In 2010, they made it to the Eastern Conference finals, but had to go through the top two seeds and were absolutely spent after 14 games. They won just one in the third round.
In 2011, they took the first two games on the road against the eventual Stanley Cup champion before falling in seven.
What has been missing?
A great two-way defencemen. Like the one they have on their payroll who is always hurt, Andrei Markov. So once again I am bending the rules, since the one player they could acquire who could help them most would be a healthy Markov come playoff time.
The Chicago Blackhawks went from winning the Stanley Cup in 2010 to barely making the playoffs in 2011. Instead of going 16-6 once they got there, they went 3-4.
Funny how all those homeristic Chicago fans who lambasted me for ending my 2010 offseason analysis with "How the mighty have fallen" were nowhere to be found once they had. But then they still have not faced the music for all their talk about how the Chicago Bears were better than my Green Bay Packers, either.
But enough ragging on sports fans of the fine city. (Really, it is one of the better ones in this country if not the world.) It is not their fault they have had so little to brag about since Michael Jordan retired.

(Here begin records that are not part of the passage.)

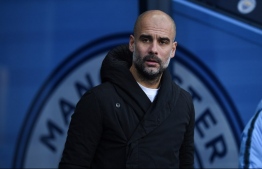 Manchester City's Spanish manager Pep Guardiola arrives for the English Premier League football match between Manchester City and Crystal Palace at the Etihad Stadium in Manchester, north west England, on December 22, 2018. (Photo by Oli SCARFF / AFP)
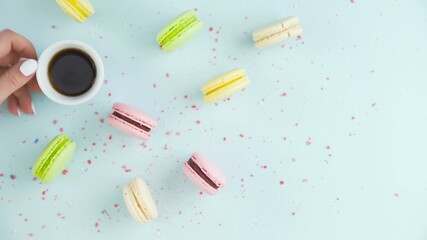 Macaroons or macaron on pastel blue surface with espresso in white cup.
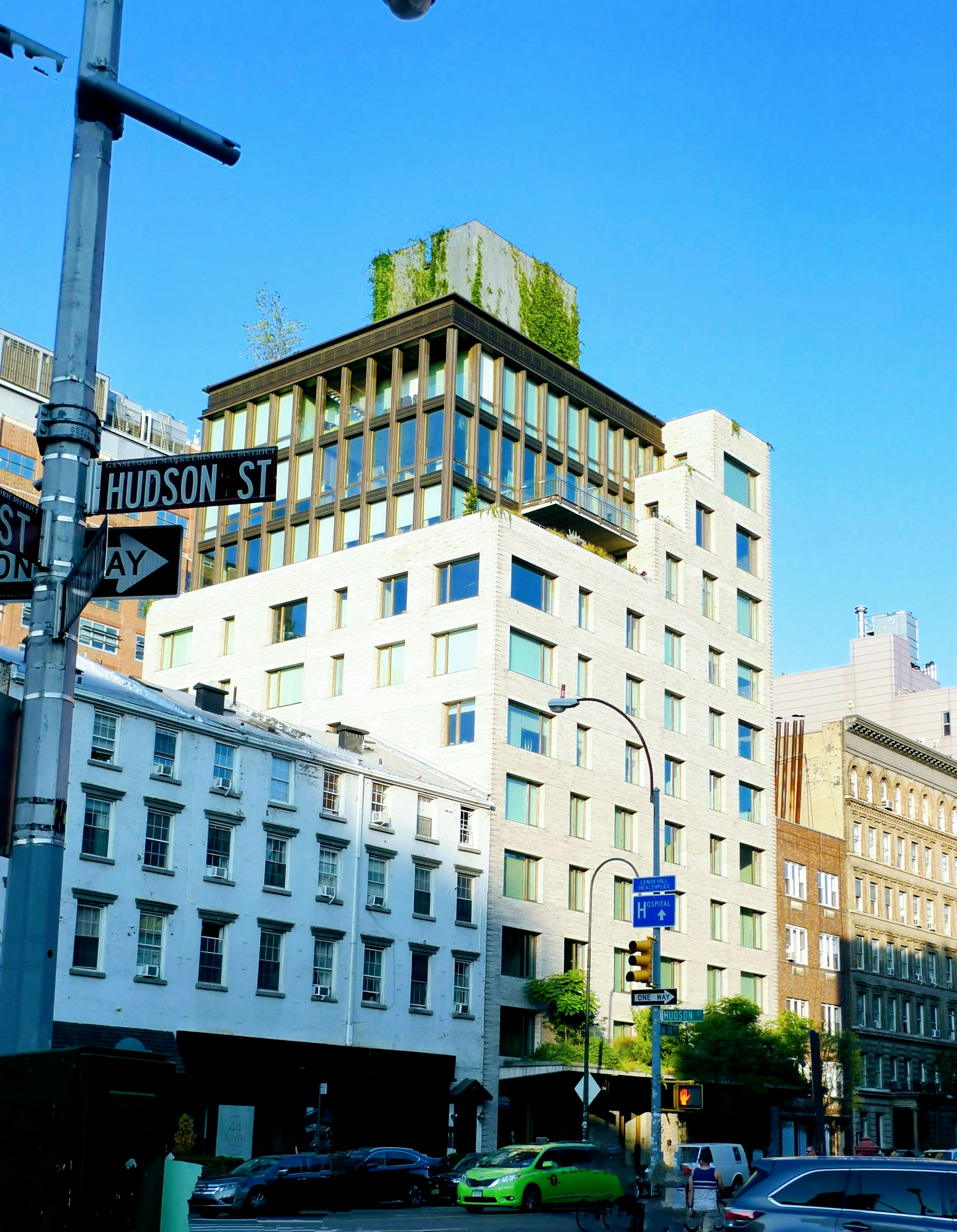 Edificio moderno su Hudson Street con vegetazione e cielo blu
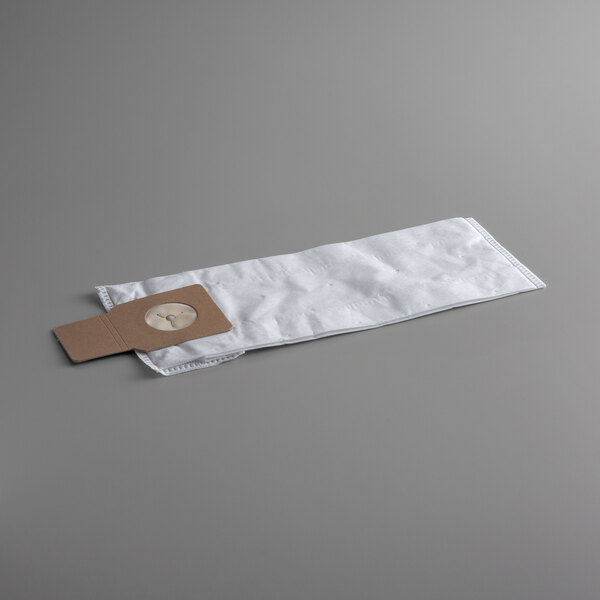 A white paper bag with a brown label.
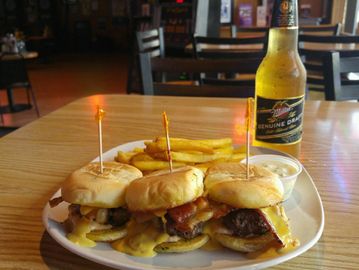 Bacon cheese sliders  and French Fries on a plate with a dipping sauce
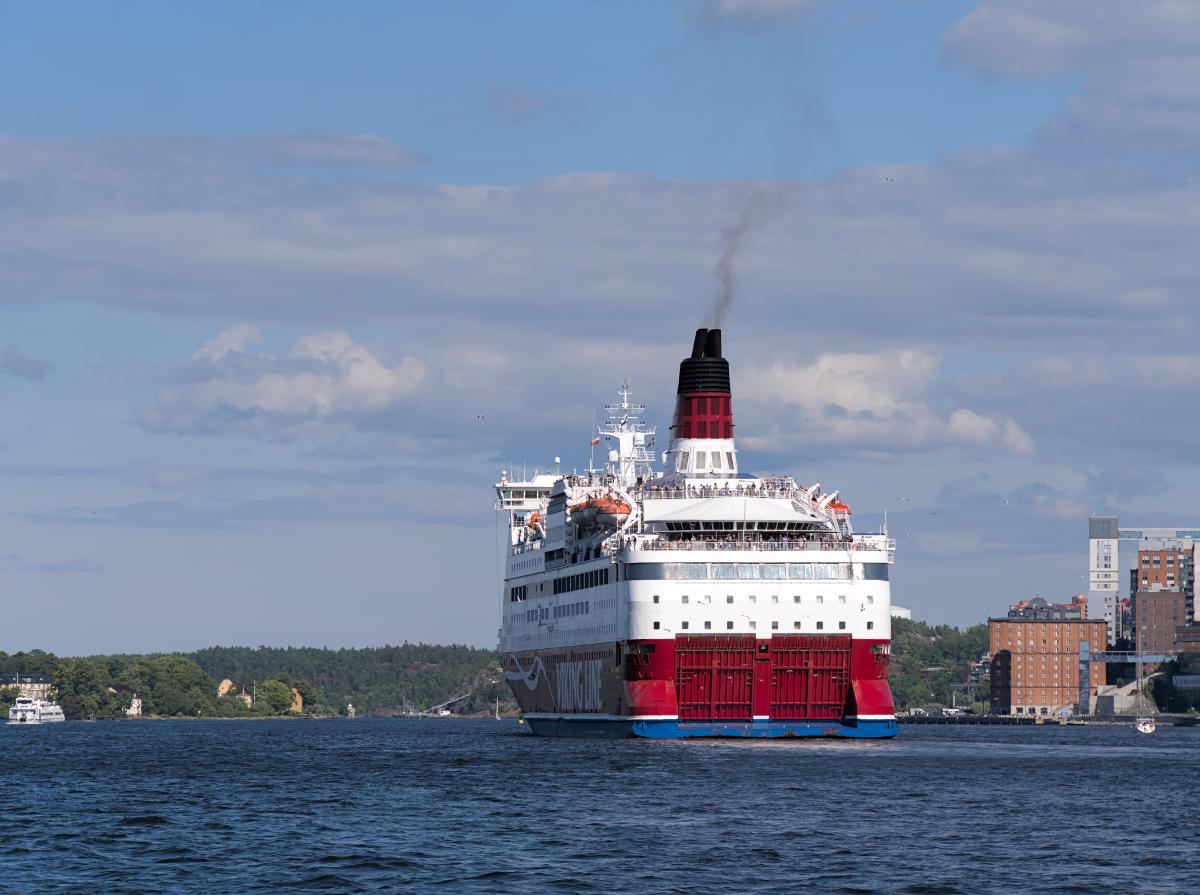 Eine Art Fährschiff, das von Stockholm ablegt. Im Hintergrund sind einige Inseln des Schärengartens zu sehen. Der Himmel ist blau mit wenigen Wolken.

In 2010, they had one shot at a Stanley Cup and they made the most of it. Since then, they have been in salary cap purgatory, causing them to lose their starting goalie, a top-six forward and their most versatile player plus almost every supporting cast member on the team.
Considering all that, making the playoffs at all was an accomplishment. But they did well when they got there, out-scoring the potent Vancouver Canucks in the first round by almost a goal per game. Corey Crawford had a .927 save percentage, much better than former starter Antti Niemi.
And now they are financially in the clear thanks to moving arguably the most overpriced player in the league. While Brian Campbell was still one of the top-50 defencemen in the game, the Blackhawks maintain one of the top three bluelines in the NHL.
Where they needed help was on the checking lines. Vancouver has a potent power play, but did better against the Blackhawks (22.2 percent) than the playoffs as a whole (20.4).
An intimidator would perhaps have prevented Raffi Torres' cheapshot on Brent Seabrook. I am sure this is a reason Chicago sought nasty in the offseason, but a washed up Jamal Mayers does not help secondary scoring.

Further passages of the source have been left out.